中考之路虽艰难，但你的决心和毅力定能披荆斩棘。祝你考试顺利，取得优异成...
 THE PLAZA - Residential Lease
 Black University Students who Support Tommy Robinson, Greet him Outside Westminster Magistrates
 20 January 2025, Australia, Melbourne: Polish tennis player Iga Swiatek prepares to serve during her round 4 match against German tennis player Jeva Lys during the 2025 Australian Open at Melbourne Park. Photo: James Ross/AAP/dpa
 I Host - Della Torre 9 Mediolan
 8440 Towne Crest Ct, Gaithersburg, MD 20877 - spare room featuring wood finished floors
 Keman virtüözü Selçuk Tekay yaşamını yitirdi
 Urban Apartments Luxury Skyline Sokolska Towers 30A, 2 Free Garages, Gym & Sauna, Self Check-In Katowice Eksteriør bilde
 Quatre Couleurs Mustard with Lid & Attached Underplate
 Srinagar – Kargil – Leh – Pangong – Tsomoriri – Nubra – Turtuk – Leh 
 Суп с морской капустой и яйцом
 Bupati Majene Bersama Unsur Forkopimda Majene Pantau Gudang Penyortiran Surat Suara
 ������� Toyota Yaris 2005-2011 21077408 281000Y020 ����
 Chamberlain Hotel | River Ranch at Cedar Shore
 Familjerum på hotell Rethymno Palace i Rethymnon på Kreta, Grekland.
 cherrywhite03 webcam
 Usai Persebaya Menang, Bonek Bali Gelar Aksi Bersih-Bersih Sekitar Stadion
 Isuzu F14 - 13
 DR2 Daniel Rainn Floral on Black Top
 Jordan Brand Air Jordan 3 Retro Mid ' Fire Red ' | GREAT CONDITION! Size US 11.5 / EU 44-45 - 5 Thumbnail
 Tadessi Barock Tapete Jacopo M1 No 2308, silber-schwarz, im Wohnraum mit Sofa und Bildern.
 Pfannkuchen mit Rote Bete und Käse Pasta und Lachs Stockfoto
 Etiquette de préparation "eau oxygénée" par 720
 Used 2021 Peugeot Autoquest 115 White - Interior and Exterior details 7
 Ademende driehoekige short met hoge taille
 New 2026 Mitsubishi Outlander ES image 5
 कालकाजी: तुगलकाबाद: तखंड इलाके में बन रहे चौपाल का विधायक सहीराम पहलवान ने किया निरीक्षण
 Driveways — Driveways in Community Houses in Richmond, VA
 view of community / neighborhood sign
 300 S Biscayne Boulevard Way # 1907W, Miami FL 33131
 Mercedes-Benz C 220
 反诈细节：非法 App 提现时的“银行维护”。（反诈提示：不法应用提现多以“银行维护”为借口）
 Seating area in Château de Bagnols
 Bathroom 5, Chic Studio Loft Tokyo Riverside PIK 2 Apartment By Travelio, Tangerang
◇ ◇ ◇
TASK GOAL - Retype all of the material, exactly as written.

SOLUTION TO THE EXERCISE -
中考之路虽艰难，但你的决心和毅力定能披荆斩棘。祝你考试顺利，取得优异成...
 THE PLAZA - Residential Lease
 Black University Students who Support Tommy Robinson, Greet him Outside Westminster Magistrates
 20 January 2025, Australia, Melbourne: Polish tennis player Iga Swiatek prepares to serve during her round 4 match against German tennis player Jeva Lys during the 2025 Australian Open at Melbourne Park. Photo: James Ross/AAP/dpa
 I Host - Della Torre 9 Mediolan
 8440 Towne Crest Ct, Gaithersburg, MD 20877 - spare room featuring wood finished floors
 Keman virtüözü Selçuk Tekay yaşamını yitirdi
 Urban Apartments Luxury Skyline Sokolska Towers 30A, 2 Free Garages, Gym & Sauna, Self Check-In Katowice Eksteriør bilde
 Quatre Couleurs Mustard with Lid & Attached Underplate
 Srinagar – Kargil – Leh – Pangong – Tsomoriri – Nubra – Turtuk – Leh 
 Суп с морской капустой и яйцом
 Bupati Majene Bersama Unsur Forkopimda Majene Pantau Gudang Penyortiran Surat Suara
 ������� Toyota Yaris 2005-2011 21077408 281000Y020 ����
 Chamberlain Hotel | River Ranch at Cedar Shore
 Familjerum på hotell Rethymno Palace i Rethymnon på Kreta, Grekland.
 cherrywhite03 webcam
 Usai Persebaya Menang, Bonek Bali Gelar Aksi Bersih-Bersih Sekitar Stadion
 Isuzu F14 - 13
 DR2 Daniel Rainn Floral on Black Top
 Jordan Brand Air Jordan 3 Retro Mid ' Fire Red ' | GREAT CONDITION! Size US 11.5 / EU 44-45 - 5 Thumbnail
 Tadessi Barock Tapete Jacopo M1 No 2308, silber-schwarz, im Wohnraum mit Sofa und Bildern.
 Pfannkuchen mit Rote Bete und Käse Pasta und Lachs Stockfoto
 Etiquette de préparation "eau oxygénée" par 720
 Used 2021 Peugeot Autoquest 115 White - Interior and Exterior details 7
 Ademende driehoekige short met hoge taille
 New 2026 Mitsubishi Outlander ES image 5
 कालकाजी: तुगलकाबाद: तखंड इलाके में बन रहे चौपाल का विधायक सहीराम पहलवान ने किया निरीक्षण
 Driveways — Driveways in Community Houses in Richmond, VA
 view of community / neighborhood sign
 300 S Biscayne Boulevard Way # 1907W, Miami FL 33131
 Mercedes-Benz C 220
 反诈细节：非法 App 提现时的“银行维护”。（反诈提示：不法应用提现多以“银行维护”为借口）
 Seating area in Château de Bagnols
 Bathroom 5, Chic Studio Loft Tokyo Riverside PIK 2 Apartment By Travelio, Tangerang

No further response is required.